No apagar das luzes de 2011, a Câmara dos Deputados aprovou a Lei da Palmada, que proíbe os pais ou responsáveis de aplicarem castigos físicos nos filhos, o que vai alterar o Estatuto da Criança e do Adolescente (ECA). O assunto, muito polêmico, tomou conta da mídia e das redes sociais. Discutiu-se a interferência do Estado no espaço familiar. Na ocasião, pensei até em dar também os meus pitacos sobre o uso de castigos corporais no processo educativo, mas decidi esperar que a poeira baixasse.
A poeira está baixando. A mãe desse locutor que vos fala usou, na educação dos seus treze filhos, a surra, o que não constitui um exemplo a seguir, embora não tenha deixado - creio - sequelas e traumas. Um amigo meu, americano, economista, ficou horrorizado quando eu lhe contei que, por ser danado e briguento, peguei muita porrada em casa. Depois que conheceu minha mãe, ele filosofou, generalizando talvez apressadamente:
- Mãe brasileira pode dar palmada, porque esse não é o único contacto físico que tem com os filhos, ela dá também carinho, o que não é o caso da mãe americana.
Acho que podia ser interessante a gente se perguntar de onde surgiu essa ideia de que é recomendável a punição física contra as crianças para ensinar e para corrigir a desobediência e o mau comportamento. Não veio dos índios e dos africanos, mas dos europeus, que professavam a “paudagogia” como mostra a documentação histórica produzida pelos primeiros jesuítas, para quem era impossível educar, sem punir severamente o erro. Isso gerou conflito entre os índios que pensavam diferentemente.
Os índios jamais castigavam, eram contra a porrada e defendiam seu ponto de vista com um discurso que construíram sobre a questão. No século XVI, o princípio pedagógico indígena mais criticado foi justamente aquele detectado pelo jesuíta, Fernão Cardim, quando ele, surpreso, constatou que “os índios amam os filhos extraordinariamente”, mas lamentou porque “nenhum gênero de castigo têm para os filhos, nem há pai nem mãe que em toda a vida castigue nem toque em filho”.

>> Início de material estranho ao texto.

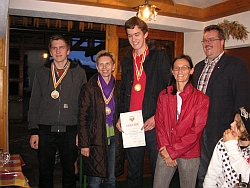 Die Gewinner der Regionalliga Mitte Die Gewinner der Regionalliga Mitte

Outros cronistas confirmaram comportamento similar em diferentes aldeias Tupinambá do litoral, como ocorreu com Pero de Magalhães Gandavo, provedor da Fazenda na Bahia, em 1565, para quem os índios “criam seus filhos viciosamente, sem nenhuma maneira de castigo”.

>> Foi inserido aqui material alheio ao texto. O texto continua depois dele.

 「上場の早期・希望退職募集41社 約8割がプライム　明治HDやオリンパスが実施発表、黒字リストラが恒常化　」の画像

Esse tipo de relação, na qual as crianças são socializadas sem repressão, é observável ainda hoje, no século XXI, nas seis aldeias Guarani do Rio de Janeiro, localizadas em Angra dos Reis, Parati e Niterói, com as quais tenho contato há mais de vinte anos. Nos cursos que ministro para formação de professores bilíngues, vejo as mães indígenas cochichando com seus filhos, tratando tudo na conversa. O comportamento atual dos Guarani pode ser resumido no depoimento de uma jovem guarani mbyá, mãe de três filhos: “Mbyá puro não bate na criança. Nunca. Não precisa bater nem brigar, só falar” .
No entanto, a pedagogia européia da época, acostumada com o uso da palmatória e com outras formas de violência física, considerou a ausência de castigo como uma “omissão”’, um “atraso”, um “vício”, porque não corrigia o erro e, por isso, obstruía o processo de aprendizagem. Aos olhos do colonizador, tratava-se de negligência e falta de princípios pedagógicos, e não do resultado de uma reflexão coletiva sobre a natureza do processo de aprendizagem que devia as basear no diálogo.
Durante todo o período colonial, os índios foram submetidos a um choque cultural, produzido pelo embate entre práticas e concepções pedagógicas bastante diferenciadas. De um lado, os princípios de uma sociedade, cuja educação não dependia da escola, da escrita e de castigos físicos. De outro, as normas e regras de uma sociedade letrada, dependente da escola e da palmatória que – acreditava-se – corrigia erros e, portanto, educava. Esse choque ocorreu em diferentes regiões do país, com consequências trágicas para os índios e suas culturas.
Um missionário jesuíta, João Daniel, testemunhou no século XVIII a resistência das índias do Pará, que teimavam em usar, de forma exclusiva, sua língua materna, recusando-se a migrar para qualquer outra língua. O padre, responsável pela escola, mandou dar-lhes “palmatoadas”, para que mudassem de comportamento, mas elas “antes se deixavam dar até lhes inchar as mãos e arrebentar o sangue”.
Gandavo registrou que quando as crianças eram punidas na escola, os pais ficavam irritados, “se melindravam e ressentiam”. Por isso, o índice de evasão escolar era altíssimo, conforme observou um superior jesuíta do século XVI, Luiz da Grã, para quem os castigos esvaziavam as escolas, pois “só o ver dar uma palmatoada a um dos mamelucos basta para fugirem”.
Desde os primeiros momentos, e ao longo de todo o período colonial, a documentação registra fugas constantes e frequentes de índios, que eram aprisionados, amarrados e forçados a voltar para a escola, como sinaliza a carta de Pero Correia, de 1554:
“Y quando alguno es perezoso y no quiere venir a la escuela, el hermano lo manda buscar por los otros, los quales lo traen preso...”.
Nos dias atuais, a proposta dos índios contra castigos físicos aplicados às crianças é vista com simpatia, e parece ser universalmente aceita por TODAS as correntes de pensamento dentro da pedagogia. Mas ninguém procurou os índios para reconhecer que eles estavam mais avançados, pelo menos nessa questão. Não seria demais dizer-lhes hoje: “Desculpem-nos, no século XVI, quem tinha razão eram vocês e não nós”. Se ninguém pediu desculpas, então peço eu. Agora.